The global game engine market has long been dominated by a handful of massive technology platforms, but a new European project could eventually challenge that balance. A new engine known as Immense Engine is reportedly being developed as a fully European graphics and rendering platform focused heavily on artificial intelligence, modular systems, and EU-based infrastructure.
The project is being led by Arjan Brussee, an industry veteran with decades of experience working across major technology and gaming companies including Epic Games, Electronic Arts, Guerrilla Games, and Boss Key Productions.
Rather than attempting to directly imitate existing engines, Immense Engine appears to be taking a very different route by building its architecture around AI-native systems from the ground up.
Immense Engine Is Being Designed Around AI-Native Technology
One of the most notable aspects surrounding Immense Engine is its reported AI-native structure. Traditional engines are typically built around large monolithic systems that expand over many years, often becoming increasingly difficult to adapt as technology evolves.
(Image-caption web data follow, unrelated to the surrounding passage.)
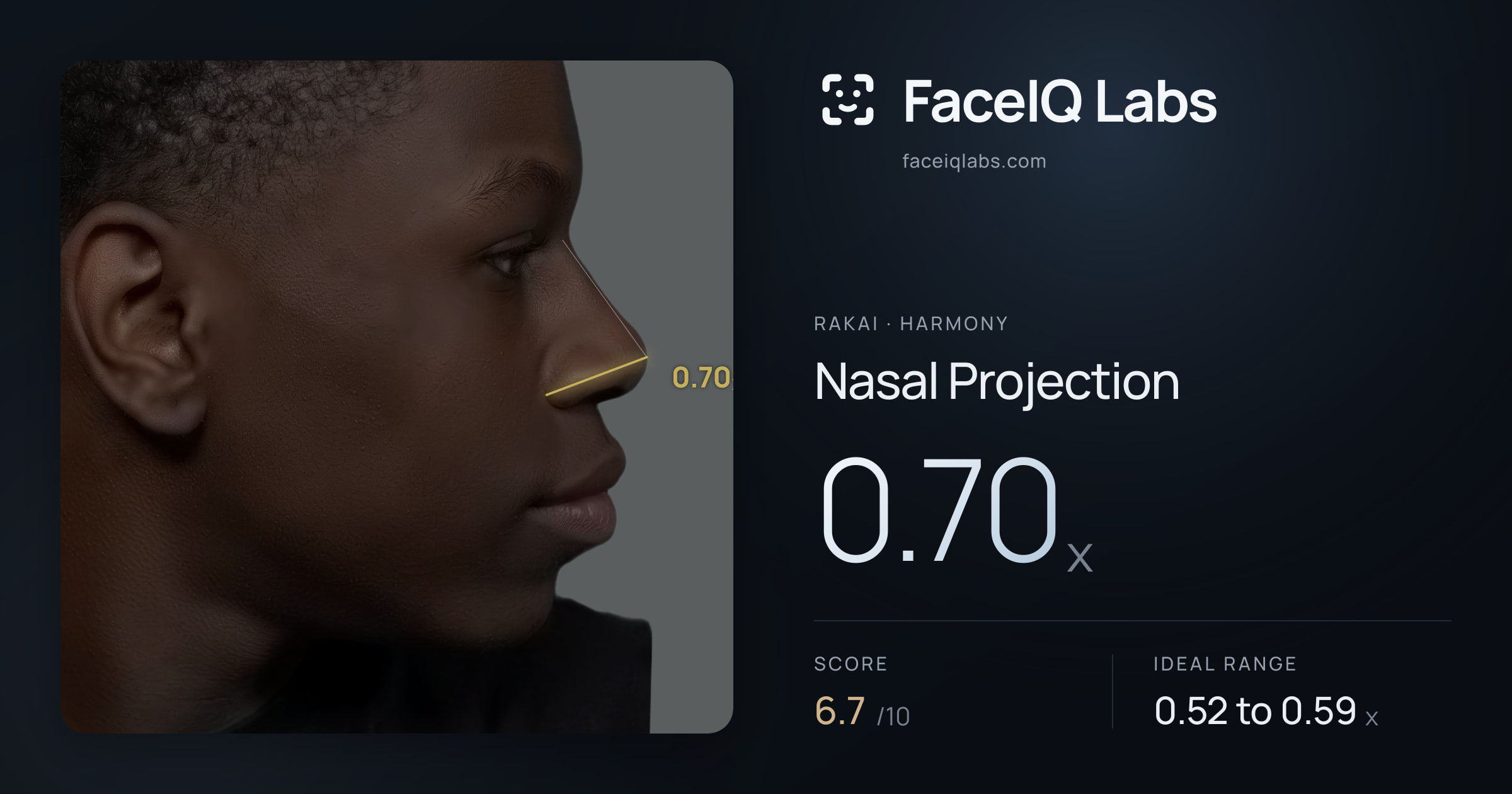 Rakai Nasal Projection: 0.70x, drawn on the photo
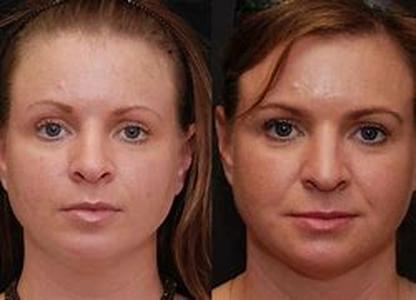 Facial Collagen Injections: The Quick Solution to Your Facial Lines  Summary: If you want to have a youthful skin without going through any cosmetic surgery, facial collagen injections are the easiest ways to get rid of those facial lines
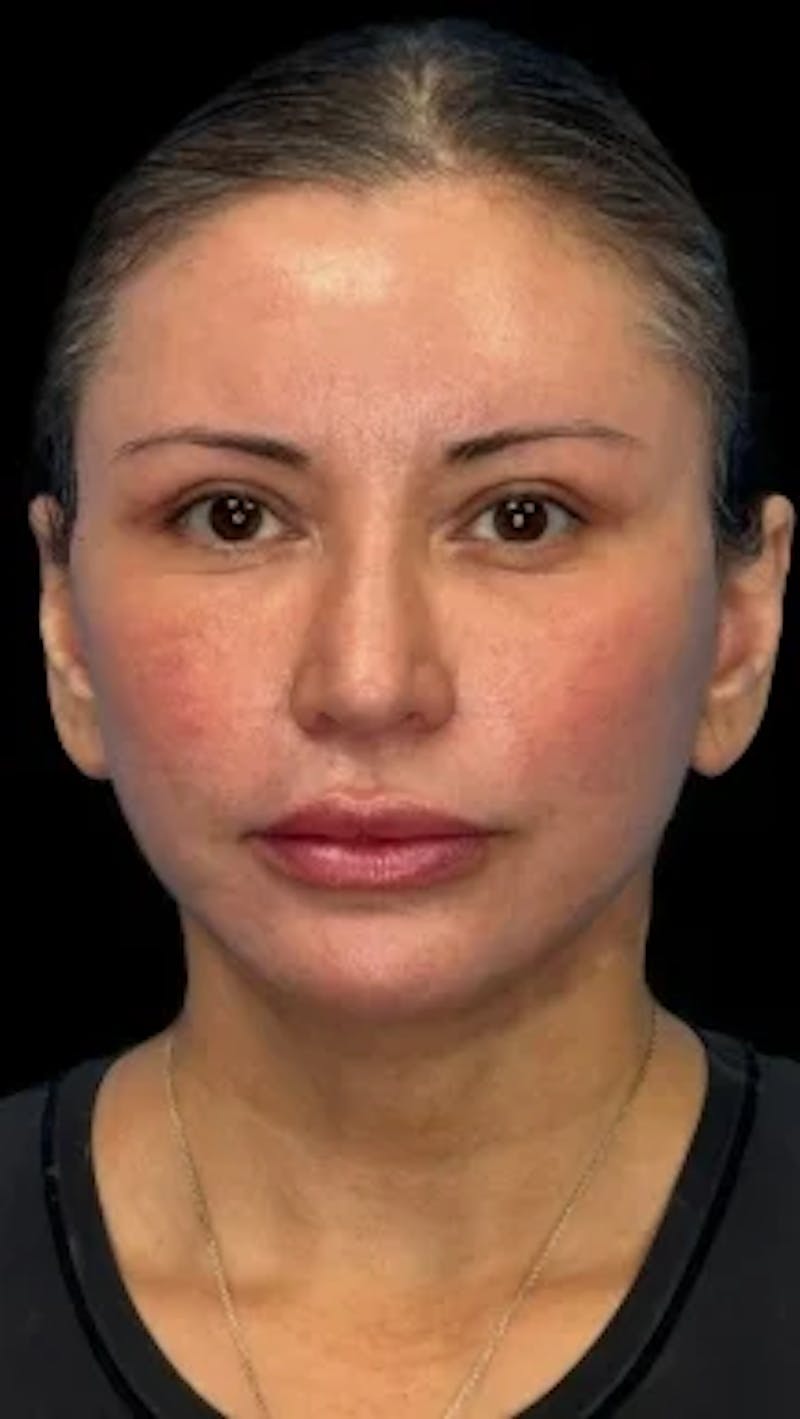 Blepharoplasty LP Before & After Gallery - Patient 340208 - Image 2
Immense Engine reportedly aims to avoid that limitation by using modular AI agents as individual building blocks throughout the platform. This could potentially allow developers to replace, expand, or evolve systems more efficiently as artificial intelligence technology continues advancing at a rapid pace.
The modular structure may also make experimentation easier for studios wanting to integrate new AI-assisted workflows into rendering, automation, simulation systems, or asset generation.
While the idea sounds ambitious, it also comes with significant technical challenges. Modern engines contain decades of accumulated rendering technology, optimization work, physics systems, networking infrastructure, and developer tooling. Competing against platforms that already dominate the industry will require both technical stability and long-term developer trust.
European Hosting Could Become A Major Advantage
Another major focus behind Immense Engine is its European infrastructure.
The platform is reportedly planned to be hosted entirely within Europe, something that may appeal to developers, businesses, and organizations requiring stricter regional compliance and EU-based data handling. As concerns surrounding digital sovereignty continue growing across Europe, locally hosted technology platforms are becoming increasingly attractive to both private companies and government-related sectors.
Although gaming appears to be one of the primary target markets, Immense Engine could potentially expand beyond entertainment. Industries such as logistics, industrial simulations, and defense-related 3D environments could benefit from regionally hosted software platforms where European data control matters more heavily.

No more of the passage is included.